We also make use of xpath strings. Xpath strings are one method of navigating through an html text to a particular
tag (the other being [CSS expressions](https://www.w3.org/TR/selectors/)). 

Xpath has a number of options, however the key characters we will be using are:

`/tag_name` : from the tag we are at, search for a tag that is an immidiate child that is called `tag_name`
`//tag_name` : from the tag we are at, search for all contained tags that are called `tag_name`
`@property_name` : extract the value of the tag property called `property_name` from the tag we are currently at
`/tag_name[@property_name='property_value']` : go to a child tag that has a property called `property_name` and a value of `property_value`

These key characters can be string togeather to make an xpath string that will bring us to where we want to be in the html text. For example, the xpath string

`//body/div[@class='title']/@text`

is saying: 
* from the beginning of the html text  for every tag called body' (`//body`), 
* find an immidiate child of 'body' called 'div' (`/div`) 
* that has a property called 'class' with a value of 'title' (`[@class='title']`)
* and navigate from the found 'div' tags to the value of the property 'text' (`/@text`)

When we pass the Selector a text object (in this case the stored html text) and than pass the selector an xpath string, the selector will navigate to the part of the html text as per the instructions in the xpath string.

To actually get the value from the text that we navigated to, we need to call `extract()` on the returned value.

For an indepth look into XPath and Selectors, the Scrapy [Selectors](https://doc.scrapy.org/en/latest/topics/selectors.html) page is a great resource.

In [None]:
# Lets take a look at the entire HTML text by running this cell
# (If the output takes up the entire page, right click this cell and "enable scrolling for outputs, if you wish")

print(thread_html_text)

#You can right click on this cell and select "clear outputs" (for the cell) or "clear all outputs" (for the entire notebook). 
# It does not run or un-run any code, just removes the currently displayed cell outputs.

In [14]:
# Lets play around with Selectors and XPath to get our feet wet. 

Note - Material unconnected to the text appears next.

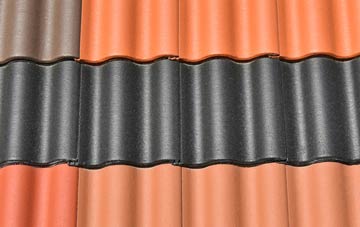 uses of Laurieston plastic roofing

print(Selector(text = thread_html_text).xpath("//a[@class='forumtitle']").extract())
# Try running the above line of code in the following variations:
# Selector(text = thread_html_text) will print the Selector object
# Selector(text = thread_html_text).xpath("//head") will print the SelectorList object (a subclass of list that implements the Selector interface) returned by the .xpath(query) method
# Selector(text = thread_html_text).xpath("//head").extract() will, for each object in the SelectorList, return the selected part of the HTML text as a list of text

[]


Lets further refine our XPath query to extract the title of the thread. 

If you search through the text of the above cell output, you will see that the thread title (which we confirmed by looking at the [thread](https://learningautomaton.ca/wp-content/uploads/2019/02/FruitsAndVeggiesForum/Bears.%20Beets.%20-%20Fruits%20and%20Veggies.html) in our web browser) is "Bears. Beets.". 

This text appears in a few places. We will extract it from 
`<h2 class="topic-title"><a href="./viewtopic.php?f=3&amp;t=7">Bears. Beets.</a></h2>`

To extract this text, we can use the following XPath:

In [53]:
Selector(text = thread_html_text).xpath("//div[@class='postbody']//p[@class='author']/text()[3]")
# Adding /text() at the end will remove anything that is HTML, and not text content. Try removing /text() and see the output.
# Selector(text = thread_html_text).xpath("//head/title").extract()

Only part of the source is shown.